In recent years, silicon photonics has attracted attention as a promising technology for large capacity interconnection and it is expected to increase the transmission capacity per optical wire within Si chips through wavelength division multiplexing (WDM).
In order to transmit and receive WDM optical signals within a Si chip, it is necessary to multiplex (MUX) or demultiplex (DeMUX) the WDM optical signals by using a wavelength multiplexer/demultiplexer (MUX/DeMUX) if necessary. Usually, Si wire waveguides have a very large structural birefringence. Therefore, the transmission properties of a MUX/DeMUX formed of Si wire waveguides differ significantly depending on the polarization state of optical signals. That is to say, normal operation is possible only in the polarization state of either the TE mode or the TM mode.
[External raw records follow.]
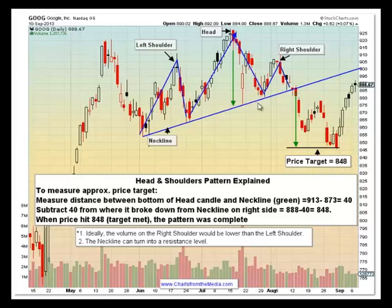Now the price did not go immediately down there — it came down, bounced back up, but it did eventually hit that target. Once that price target is hit, that would be considered a complete price pattern.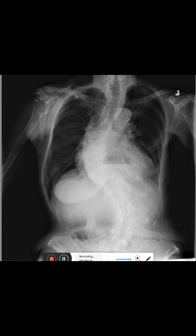Let's first have a look at the lungs. In the lungs we see they're homogenously transparent, we don't have any focal consolidations, so no infiltrates. We also see that the margins of the diaphragm are sharp, so the patient does not have a pleural effusion.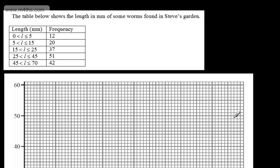In this video, we're going to look at drawing a frequency diagram and a frequency polygon. The table below shows the length in millimetres of some worms found in Steve's garden. We have the length and the frequency, and we have continuous grouped data.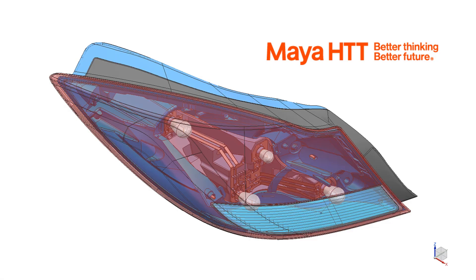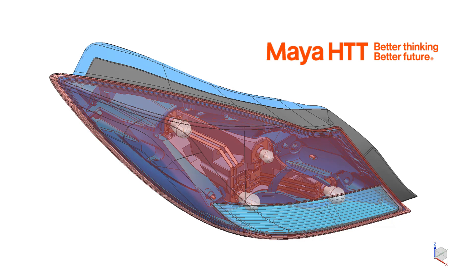In this video we saw how to create a new simulation and solution for a structural, thermal, and flow simulation. We also defined our contacts for the structural and thermal analysis. In our next videos we will continue to define our boundary conditions and constraints for our combined structural, thermal, and flow analysis.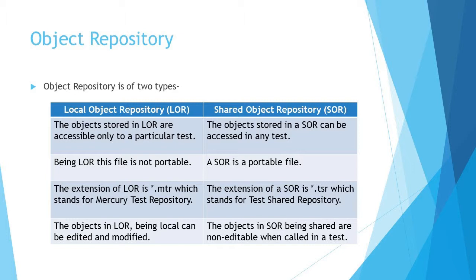Also, the extension of the shared object repository is .tsr which stands for test shared repository. A shared repository can be modified to a certain extent on some conditions.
Meanwhile, the polarization state is not kept constant in the transmission path of optical signals. Therefore, optical signals that enter into a light-receiving unit formed of a Si wire DeMUX and a light receiver (photodiode) are polarized into random components and thus deterioration of the reception properties is inevitable depending on the polarization state.
In order to overcome this problem, a WDM polarization diversity configuration that includes Si wire waveguides has been proposed. Here, a conventional wavelength division multiplexing optical receiver is described in reference to FIG. 12. FIG. 12 is a schematic plan diagram illustrating a conventional wavelength division multiplexing optical receiver, where a WDM optical signal that has entered into an input waveguide 71 made of a silicon wire waveguide is divided into TE beam and TM beam of which the polarization planes are orthogonal to each other by means of a directional coupler type polarization beam splitter (PBS) 72 made of silicon wire waveguides so as to be outputted into a loop waveguide 73 made of a silicon wire waveguide. The TM beam has its polarization plane rotated 90° by an eccentric double core type polarization rotator (PR) 74 made of a silicon wire waveguide inserted into the loop waveguide 73 and is outputted as TE* beam. In contrast, the TE beam, which has been divided by the polarization beam splitter 72, retains its polarization plane as it is guided through the loop waveguide 73.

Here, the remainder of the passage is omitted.